Ablio è una società specializzata in servizi di interpretariato telefonico. In ambito medico, Ablio fornisce a ospedali e strutture sanitarie un servizio svolto da interpreti professionisti appositamente addestrati ad operare nello specifico contesto operativo, qualificati a seguito di un severo processo di qualificazione.

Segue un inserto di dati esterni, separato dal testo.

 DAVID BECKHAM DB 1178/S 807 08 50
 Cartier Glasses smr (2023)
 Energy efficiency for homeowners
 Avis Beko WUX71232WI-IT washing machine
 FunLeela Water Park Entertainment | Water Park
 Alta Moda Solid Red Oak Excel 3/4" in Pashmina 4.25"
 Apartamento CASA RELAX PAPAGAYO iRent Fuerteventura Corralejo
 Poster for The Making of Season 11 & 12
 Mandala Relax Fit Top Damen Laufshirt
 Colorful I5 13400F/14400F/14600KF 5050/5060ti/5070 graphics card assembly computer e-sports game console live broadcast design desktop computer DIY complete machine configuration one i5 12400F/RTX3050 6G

Ogni interprete opera nel rispetto di precisi Standard operativi, conformi alle norme ISO 13611, HIN, NCIHC ed AIIC, applicando i protocolli medici ed avendo conoscenza dei principali glossari del settore.

Ad ogni struttura sanitaria Ablio fornisce un accesso alla propria piattaforma online per la richiesta, gestione e rendicontazione del servizio, dotata di tutte le funzionalità necessarie per la fruizione ottimale dello stesso, tra cui: molteplici forme di connessione e fruizione, registrazione e riascolto delle conversazioni, gestione delle attività per singoli centri o operatori, rendicontazione analitica, con una attenzione particolare alla salvaguardia e sicurezza dei dati e della privacy delle informazioni.

Una tariffazione basata sui minuti di conversazione effettivamente utilizzati elimina gli sprechi e rende l’intero servizio conveniente.